Source data
________

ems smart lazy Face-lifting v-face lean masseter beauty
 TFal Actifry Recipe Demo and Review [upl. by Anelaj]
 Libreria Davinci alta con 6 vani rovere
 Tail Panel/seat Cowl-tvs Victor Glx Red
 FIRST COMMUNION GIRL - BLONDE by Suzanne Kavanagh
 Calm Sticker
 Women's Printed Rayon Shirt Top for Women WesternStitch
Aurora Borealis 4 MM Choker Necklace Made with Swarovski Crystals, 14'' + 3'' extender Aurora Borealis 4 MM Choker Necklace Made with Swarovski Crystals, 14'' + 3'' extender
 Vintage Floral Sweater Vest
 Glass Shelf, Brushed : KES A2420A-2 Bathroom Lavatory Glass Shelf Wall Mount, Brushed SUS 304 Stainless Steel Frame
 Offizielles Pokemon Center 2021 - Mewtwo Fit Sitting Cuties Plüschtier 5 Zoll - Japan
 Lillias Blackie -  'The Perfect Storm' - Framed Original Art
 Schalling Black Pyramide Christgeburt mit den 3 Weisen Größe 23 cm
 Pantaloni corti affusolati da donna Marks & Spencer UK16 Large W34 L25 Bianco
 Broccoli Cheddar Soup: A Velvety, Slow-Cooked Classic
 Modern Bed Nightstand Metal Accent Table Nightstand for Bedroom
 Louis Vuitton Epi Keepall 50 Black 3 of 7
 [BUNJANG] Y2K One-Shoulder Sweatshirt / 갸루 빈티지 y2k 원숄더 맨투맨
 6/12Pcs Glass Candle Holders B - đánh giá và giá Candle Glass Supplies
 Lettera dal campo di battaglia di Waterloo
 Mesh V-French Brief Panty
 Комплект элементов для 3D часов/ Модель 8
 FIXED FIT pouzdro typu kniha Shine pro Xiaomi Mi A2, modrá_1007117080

________

**DESCRIPTION OF THE TASK:** What you return should be exactly the lines above, starting at the one with "Offizielles Pokemon Center" and ending at the one with "Louis Vuitton Epi Keepall 50 Black 3 of 7", and nothing else.

**WRITTEN RESPONSE:**
 Offizielles Pokemon Center 2021 - Mewtwo Fit Sitting Cuties Plüschtier 5 Zoll - Japan
 Lillias Blackie -  'The Perfect Storm' - Framed Original Art
 Schalling Black Pyramide Christgeburt mit den 3 Weisen Größe 23 cm
 Pantaloni corti affusolati da donna Marks & Spencer UK16 Large W34 L25 Bianco
 Broccoli Cheddar Soup: A Velvety, Slow-Cooked Classic
 Modern Bed Nightstand Metal Accent Table Nightstand for Bedroom
 Louis Vuitton Epi Keepall 50 Black 3 of 7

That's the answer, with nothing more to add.